Poster
 in 
Workshop: 3rd Workshop on Interpretable Machine Learning in Healthcare (IMLH)
                        
                    
                    Prospectors: Leveraging Short Contexts to Mine Salient Objects in High-dimensional Imagery
Gautam Machiraju · Arjun Desai · James Zou · Christopher Re · Parag Mallick
Keywords: [ foundation models ] [ Interpretable ML ] [ visual grounding ] [ Explainable AI ]

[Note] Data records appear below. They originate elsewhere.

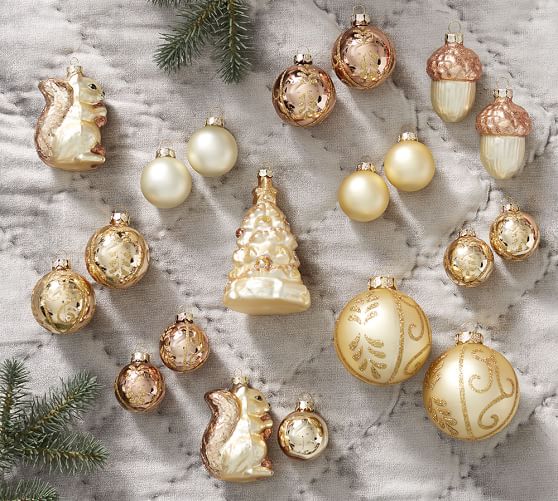 Gold Assorted Glass Ornaments Set of 20 Pottery Barn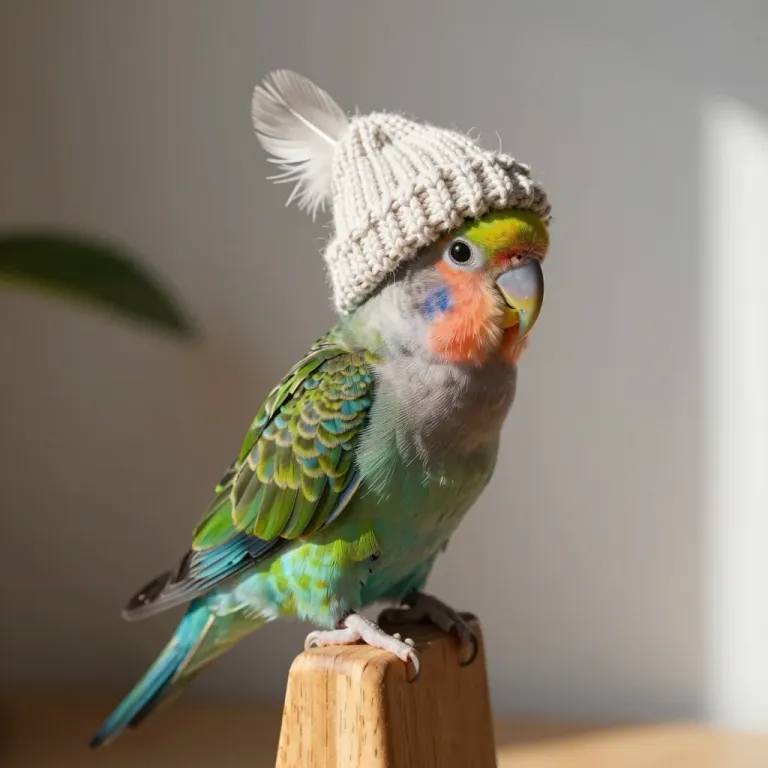 Parrot in Knit Beanie Close-Up - Birds - AI generated image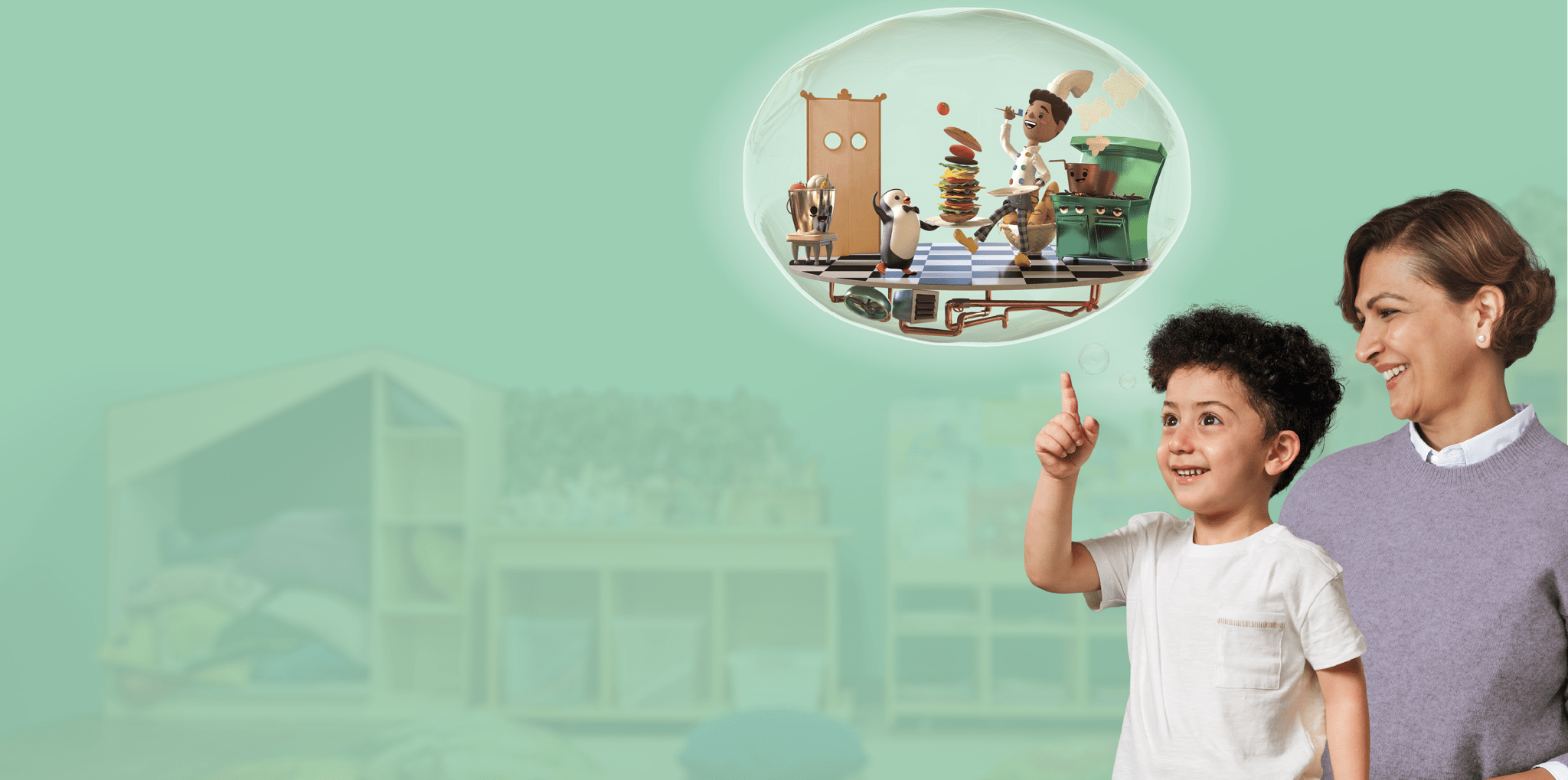 A smiling woman and a young child stand together in front of a playground. The child points excitedly to a thought bubble above them, showing a playful cartoon scene of a chef and penguin in a kitchen, joyfully preparing a towering burger. The background is a soft mint green.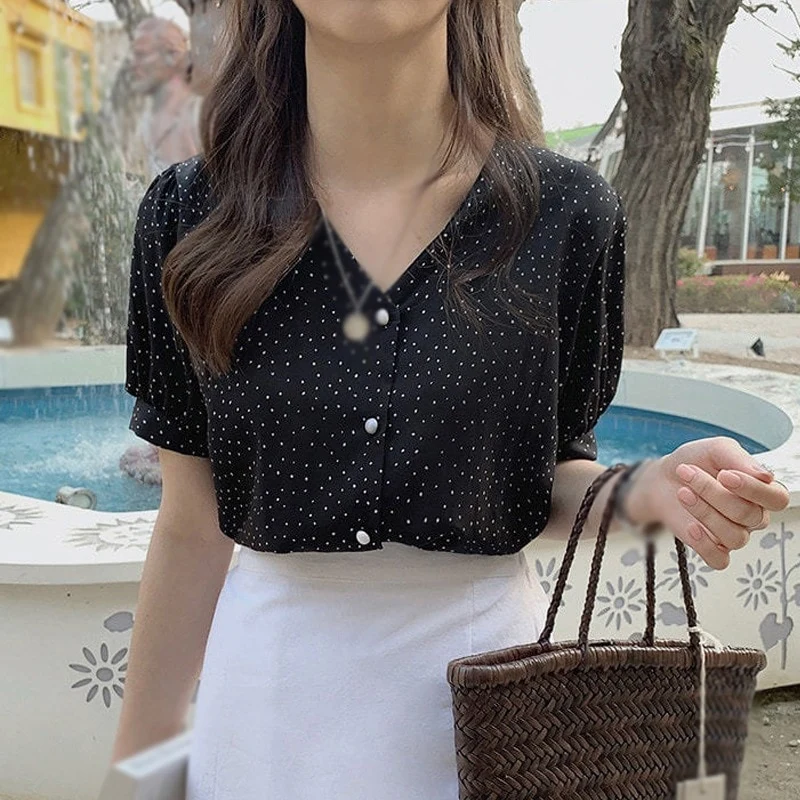 [US Warehouse] Women's fresh chiffon loose top, summer thin and versatile short-sleeved V-neck belly shirt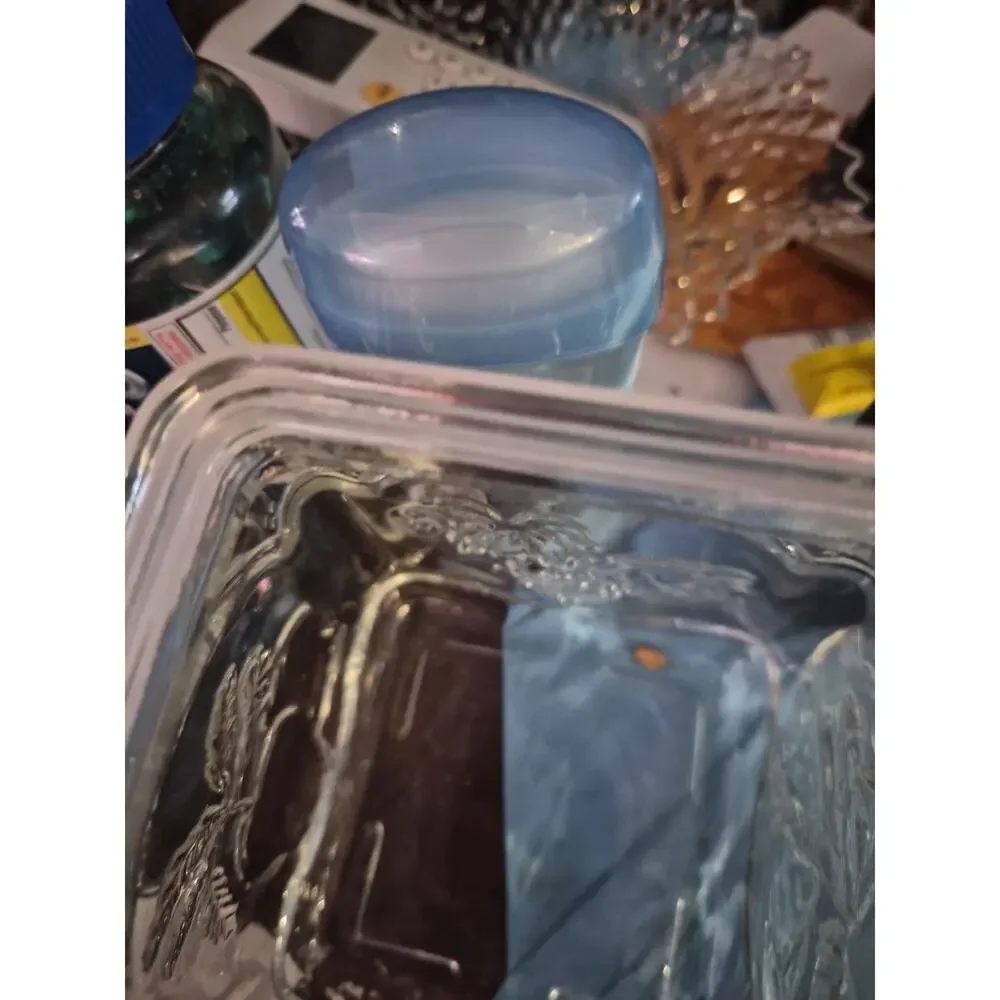 Vintage Libby Embossed Glass Set Of 3 Fruit Cannister Has A Clear Square Body...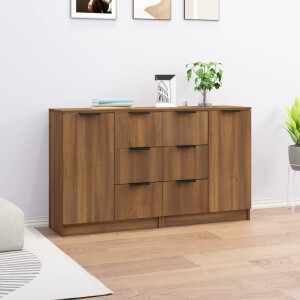 vidaXL Dressoirs 2 st 60x30x70 cm bewerkt hout bruin eikenkleur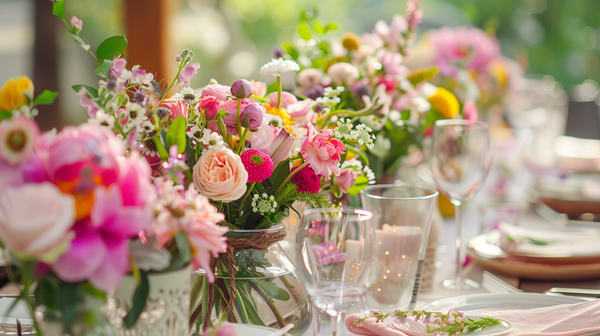 Floral spring table decorations with lush pink arrangements.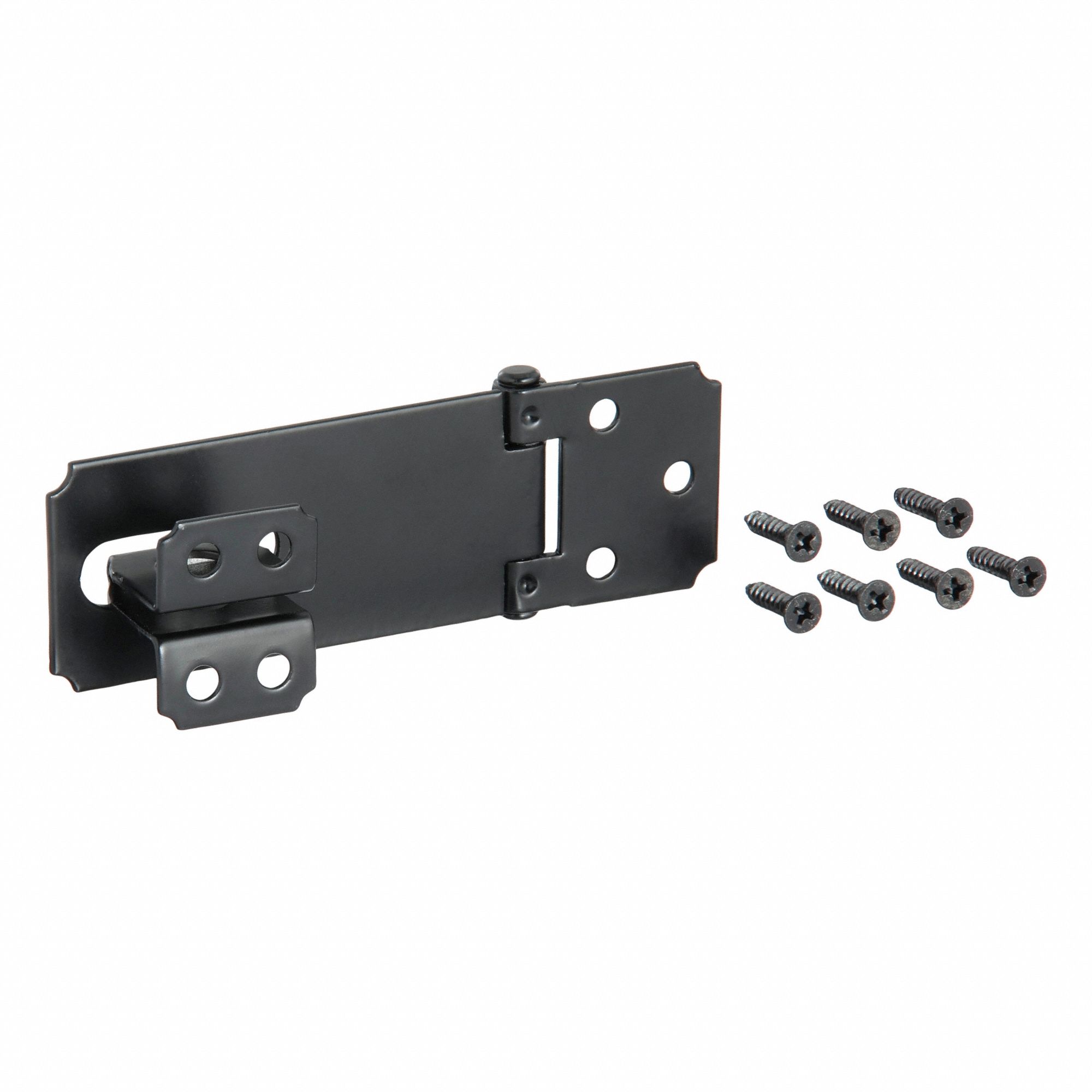 Fixed Staple Hasp,Black,3 1/2" L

High-dimensional imagery consists of high-resolution information required for end-user decision-making. Due to computational constraints, current methods for image-level classification are designed to train with image chunks or down-sampled images rather than with the full high-resolution context. While these methods achieve impressive classification performance, they often lack visual grounding and, thus, the post hoc capability to identify class-specific, salient objects under weak supervision. In this work, we (1) propose a formalized evaluation framework to assess visual grounding in high-dimensional image applications. To present a challenging benchmark, we leverage a real-world segmentation dataset for post hoc mask evaluation. We use this framework to characterize visual grounding of various baseline methods across multiple encoder classes, exploring multiple supervision regimes and architectures (e.g. ResNet, ViT). Finally, we (2) present prospector heads: a novel class of adaptation architectures designed to improve visual grounding. Prospectors leverage chunk heterogeneity to identify salient objects over long ranges and can interface with any image encoder. We find that prospectors outperform baselines by upwards of +6 balanced accuracy points and +30 precision points in a gigapixel pathology setting. Through this experimentation, we also show how prospectors can enable many classes of encoders to identify salient objects without re-training and also demonstrate their improved performance against classical explanation techniques (e.g. Attention maps).